= W. F. P. McLintock =

20th-century Scottish geologist

William Francis Porter McLintock CB FRSE (2 February 1887 – 21 February 1960) was a 20th-century Scottish geologist and museum curator, serving both at the Royal Scottish Museum and the Natural History Museum, London. He was also director of the Geological Survey of Great Britain from 1945-1950.

==Life==
He was born on 2 February 1887 the son of Peter Buchanan McLintock, a laundry owner at Deanbank in Stockbridge, Edinburgh. He was educated at George Heriot's School then studied science at the University of Edinburgh, graduating with a BSc in 1907. After University McLintock immediately started work as a geologist with the Geological Survey of Great Britain under Ben Peach and John Horne. In 1911 he became Curator of the Geological Specimens at the Royal Scottish Museum. In 1921 he moved to London to the Natural History Museum. In 1930 he was involved in the relocation of the museum from Jermyn Street to South Kensington.
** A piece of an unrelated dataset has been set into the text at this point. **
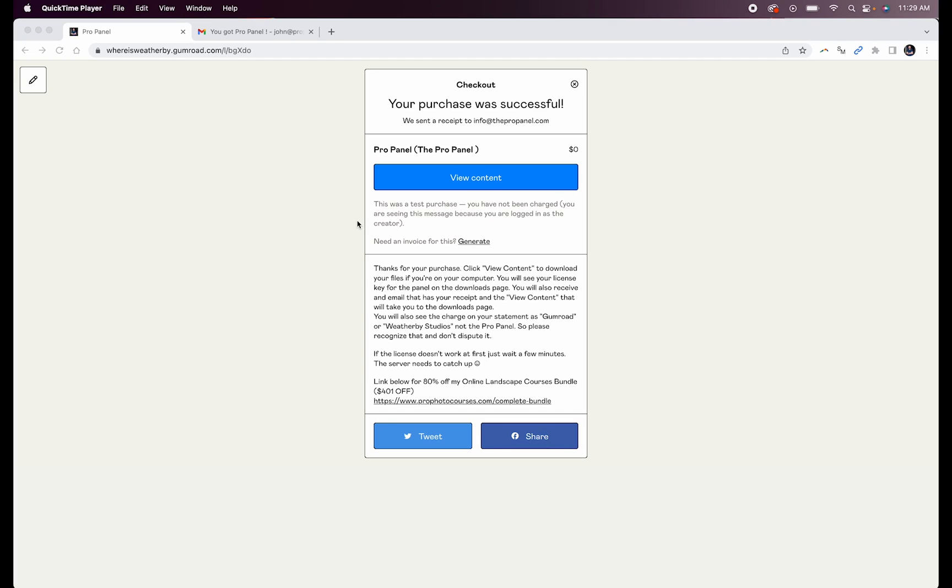Once you purchase the Pro Panel, you're going to get to a page that has this View Content button. To get your download files and your license key, simply click on this button here.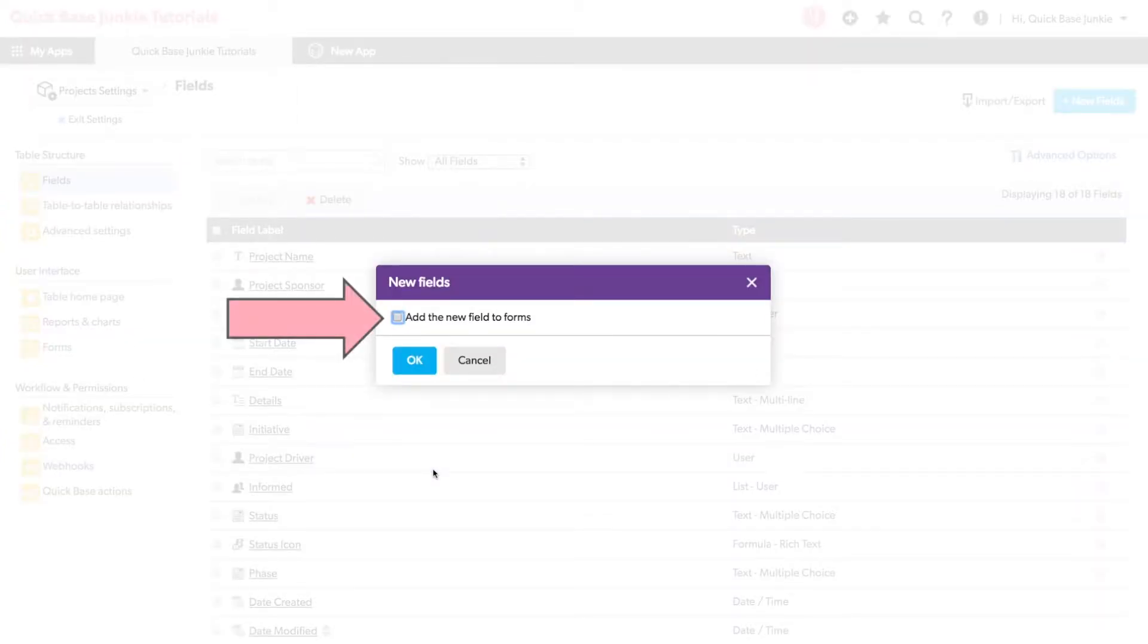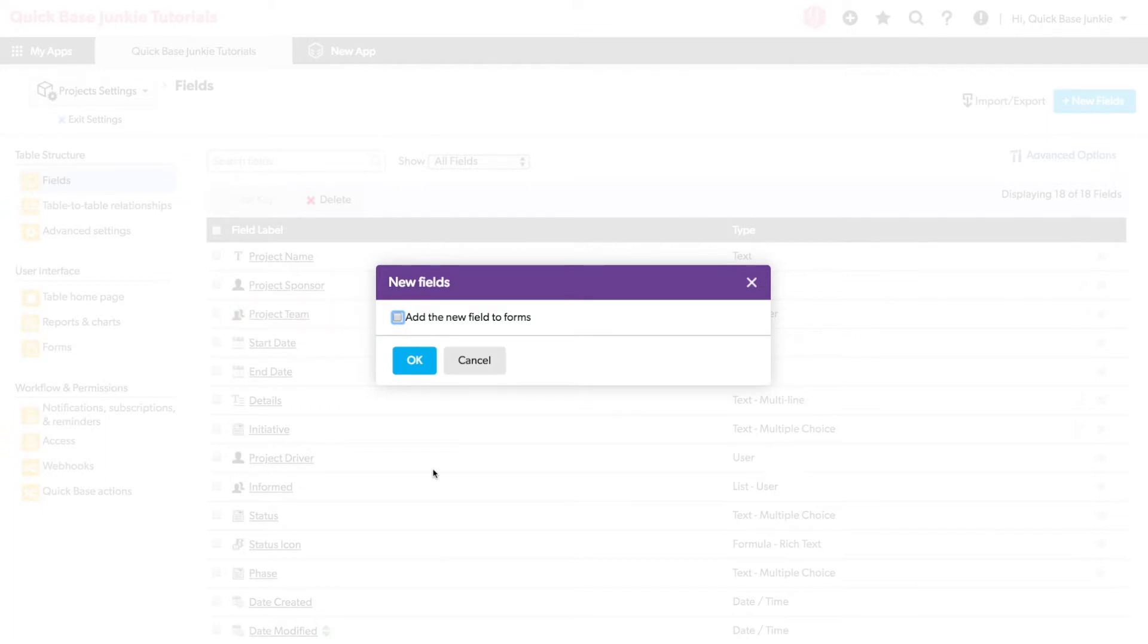Now you can see a pop-up box that asks whether or not we want to add the new field to the forms. We can check the box and this will add the fields to the bottom of the form, or we can just click OK, which will allow us to go in ourselves and add the fields where we choose.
In 1916 he was elected a Fellow of the Royal Society of Edinburgh. His proposers were John Horne, Ben Peach, Sir John Smith Flett and Arthur Pillans Laurie.

In 1936 he stood in as Acting Director of the Geological Survey after the unexpected death of Bernard Smith (geologist), and pending the appointment of Edward Battersby Bailey. In the Second World War he was seconded to the Atomic Energy Division of the survey (seeking sources of Uranium). In 1945, he was appointed Director of the Geological Survey, a post he held until retirement.

He retired in 1950 and died in Edinburgh on 21 February 1960. He was invested Companion of the Order of the Bath (CB) in the 1951 New Year Honours.

==Family==
He married late in life, in 1939 (aged 52) a widow, Mrs Maude Alice Marshall.